But live within the life you have created. (7, The Source)

The vulgar sparrows chirp their perfect French. (12, The Sparrows)

But water answers to our looser shape,
Restores our sense of the large wastefulness
And playfulness of all material things ... (16, The Echoes)

... the reckless violence
Borrowed from the gods in chasing all
Beauty ... (18, The Puzzles)

And not until the wine is in the glass
And levelling the future and the past
Is the soul shriven. (19, The Shriving)

I see the bishop standing by my bed
In the deliberate way that bishops do
When they are keen to talk, and also dead. (22, The Debate)

'How may we dare to hope to have no hope?' (22, The Debate)

I surely marked that last line in part because of Hirshfield, and like Hirshfield, Fuller pursues the theme further: "Hope is a prisoner of the future" (23, The Occupation). And in the next sonnet, he addresses another theme that Hirshfield had also caught my attention with: "One year the summer will be here, not I" (24, The Summer).
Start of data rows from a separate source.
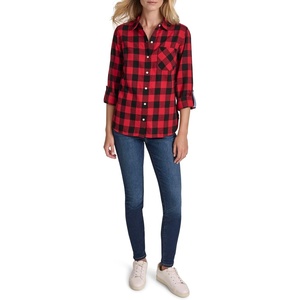 image:imageNautica Womens Button Front Long Sleeve Roll Tab ShirtBlackHaute Red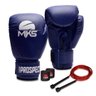 Kit Luva de Boxe Muay Thai MKS Prospect + Bandagem 2,55m + Corda Slim - Azul - 14 Oz - 1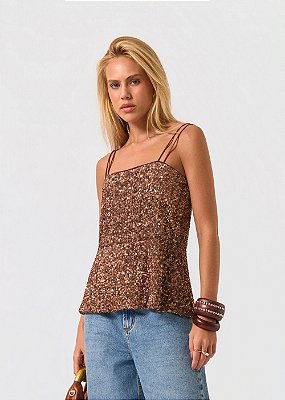 Blusa Peplum Onix Bronze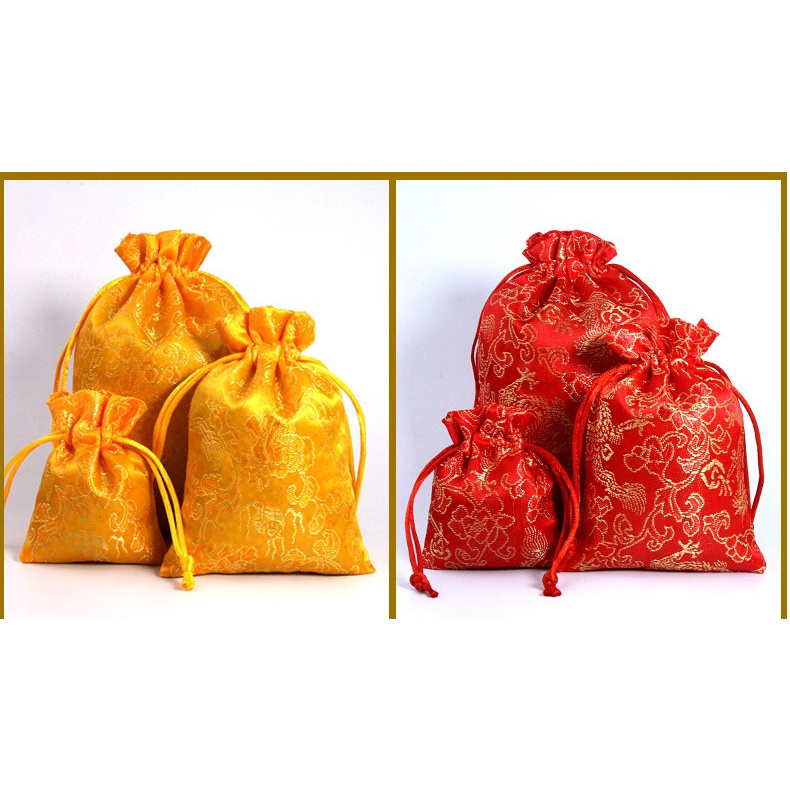 Sỉ 10 túi gấm đỏ phong thủy may mắn, đựng đồ phong thủy, trang sức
Then came a few more lines:

I gave the world a book but not a daughter. (27, The Glory)

Out of old clothes is shining paper made.
Out of old lives are poems written on it. (28, The Process)

And then came what I had been waiting for, a sonnet in this sequence that stood out on its own terms, not as part of the sequence, and not because of individual lines, but for itself—and this is the one that I have been able to find on-line (in a slightly different version that I have edited here to correspond to what is in the book):

29 THE RELICS

And after all, paper is all we know
And yet we feel antiquity about us.
The world's a room in which we come and go
And once the world was much the same without us.
A field turns up the blades of victory
Although it is forgotten now who won.
The fig-tree is the grandson of the fig-tree
That was the great-great-grandson of the one
That Petrarch knew, and now in Luberon
You can go strolling up a brambly plateau
And see Lacoste, the home of the de Sades
(Laura's relations, it is said), all gone
When revolutionaries sacked the château
And sold its stone for middle-class façades.

And then more lines:

... the stream of truth:
Not pure at its source, but after it's been tested (31, The Truth)
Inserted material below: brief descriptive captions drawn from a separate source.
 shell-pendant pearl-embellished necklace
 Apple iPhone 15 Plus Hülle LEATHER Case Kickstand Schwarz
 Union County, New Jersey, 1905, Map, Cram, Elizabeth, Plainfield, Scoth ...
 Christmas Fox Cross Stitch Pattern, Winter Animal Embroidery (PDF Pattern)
... And everything that in her case
Gave her a chance to choose what kind of good
Lies in a certain life in a certain place
Must be worth more than all the lines he wrote. (32, The Reconciliation)

The final sonnet in the sequence also shook me as a poem on its own:

35 THE ABSOLUTE

All that we worship is an absolute
You'd maybe call the world behaving well.
Its core is tenderness: the poise of fruit,
Its bloom and moisture as it starts to swell;
The baby sleeping at the trickling breast
And sucking now and then as it recalls
Why it is tucked in there; we know the best
We wish for lies within our own four walls,
The welcome shape of things as what they are
And our entirely willing doing of them.
We say their beauty pleases us, but clearly
They are our life's realised phenomena.
Our recognition is the way we love them
For being hints of our perfection, really.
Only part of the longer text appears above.